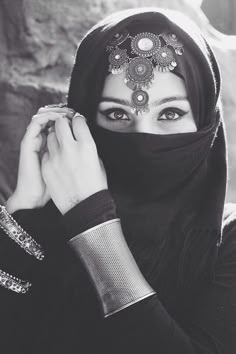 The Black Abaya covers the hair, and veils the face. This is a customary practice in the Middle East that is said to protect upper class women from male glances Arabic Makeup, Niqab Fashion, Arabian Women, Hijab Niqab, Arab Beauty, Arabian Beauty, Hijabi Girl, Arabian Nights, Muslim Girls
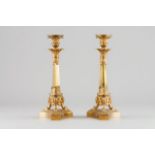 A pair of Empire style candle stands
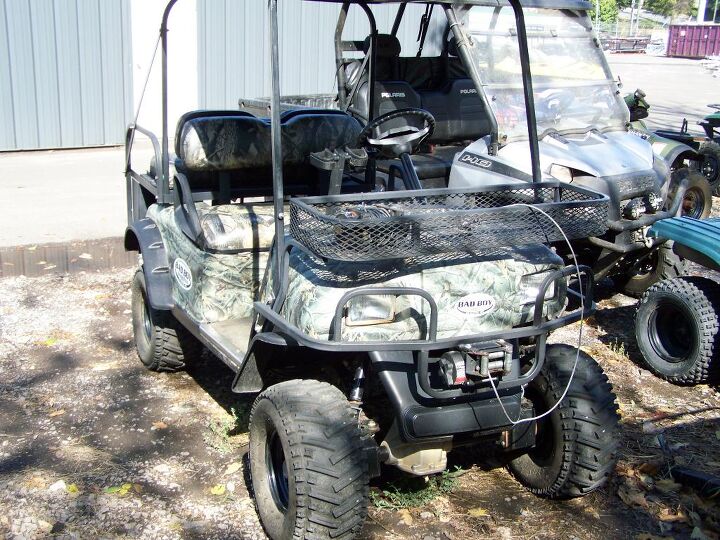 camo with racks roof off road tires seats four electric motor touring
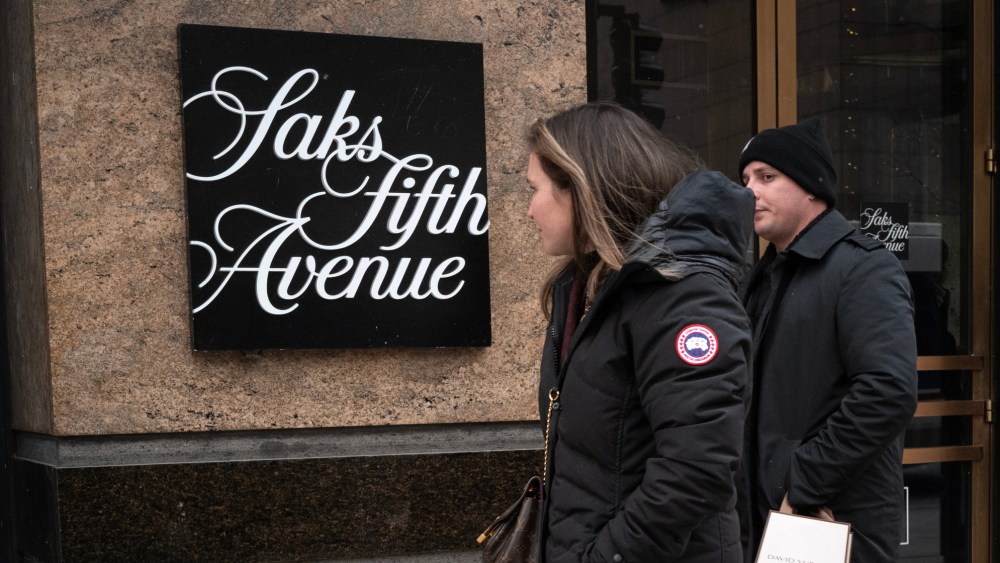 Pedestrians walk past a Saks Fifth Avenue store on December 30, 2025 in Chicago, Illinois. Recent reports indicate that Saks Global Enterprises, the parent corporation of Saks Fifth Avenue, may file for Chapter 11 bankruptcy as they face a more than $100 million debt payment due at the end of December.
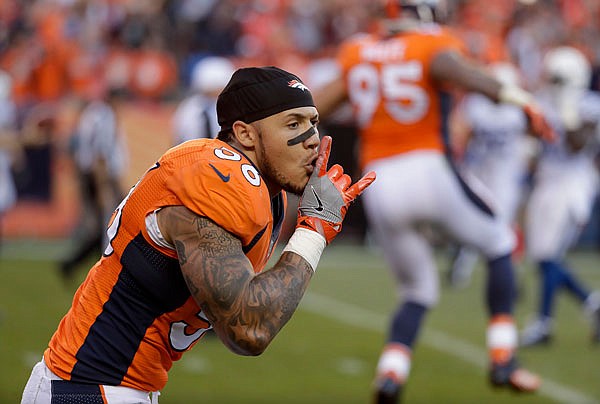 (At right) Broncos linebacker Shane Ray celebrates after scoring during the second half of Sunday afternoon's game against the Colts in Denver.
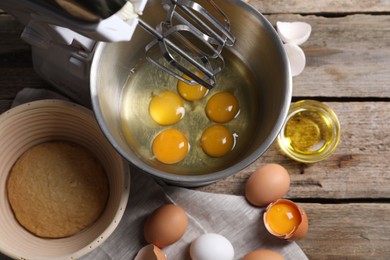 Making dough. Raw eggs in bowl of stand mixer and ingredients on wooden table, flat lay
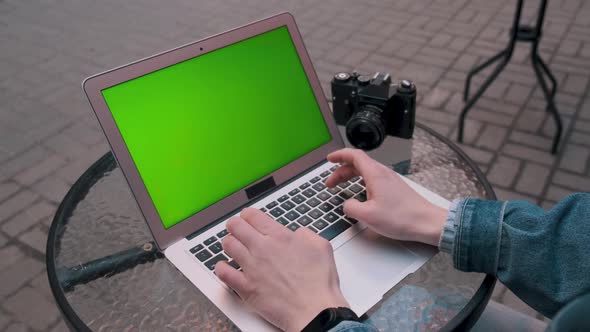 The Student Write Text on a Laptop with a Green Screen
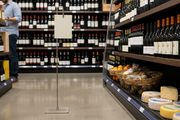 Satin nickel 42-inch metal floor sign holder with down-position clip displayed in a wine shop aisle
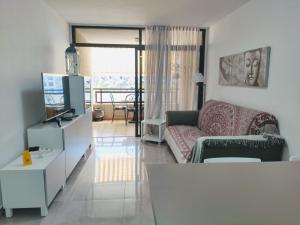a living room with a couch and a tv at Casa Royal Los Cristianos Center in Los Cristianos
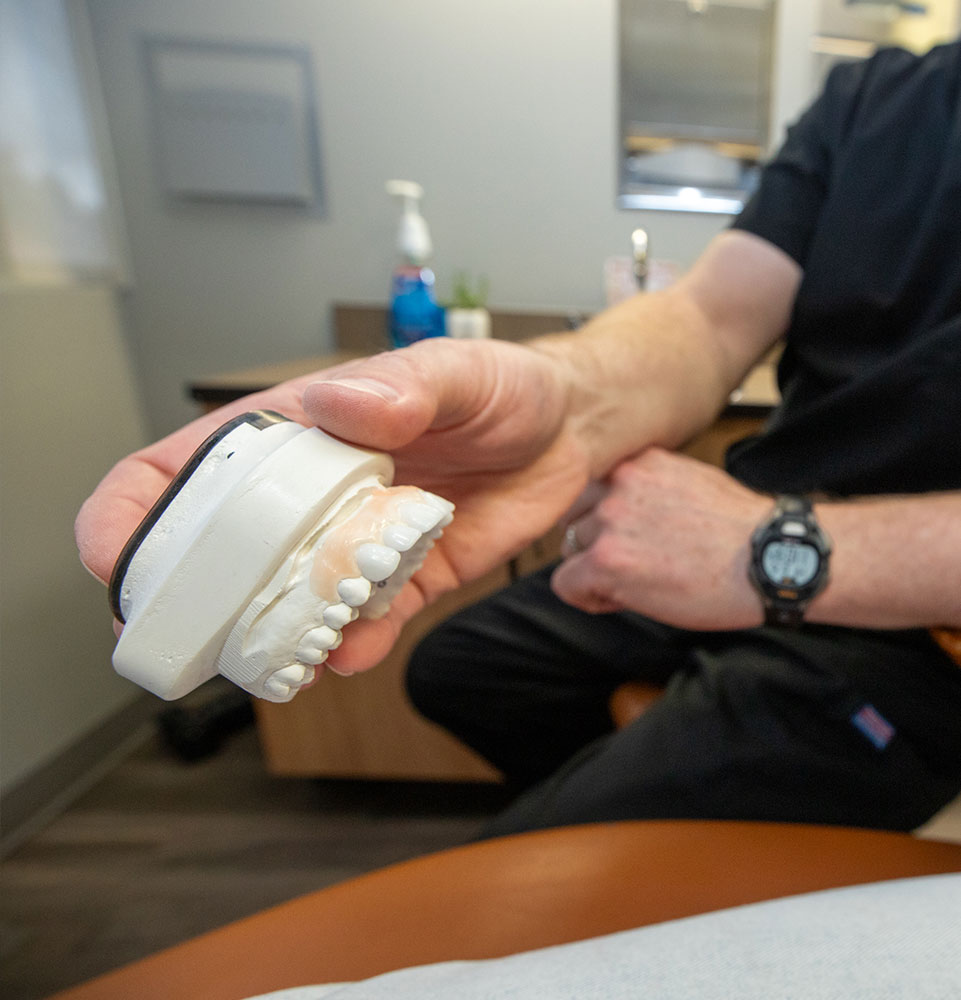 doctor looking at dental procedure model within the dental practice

──────────

#### DIRECTIONS
From the line containing "The Student Write" down to the end of the data above, reproduce each line exactly; no pictures.

#### ANSWER TO THIS EXERCISE
 The Student Write Text on a Laptop with a Green Screen
 Satin nickel 42-inch metal floor sign holder with down-position clip displayed in a wine shop aisle
a living room with a couch and a tv at Casa Royal Los Cristianos Center in Los Cristianos
 doctor looking at dental procedure model within the dental practice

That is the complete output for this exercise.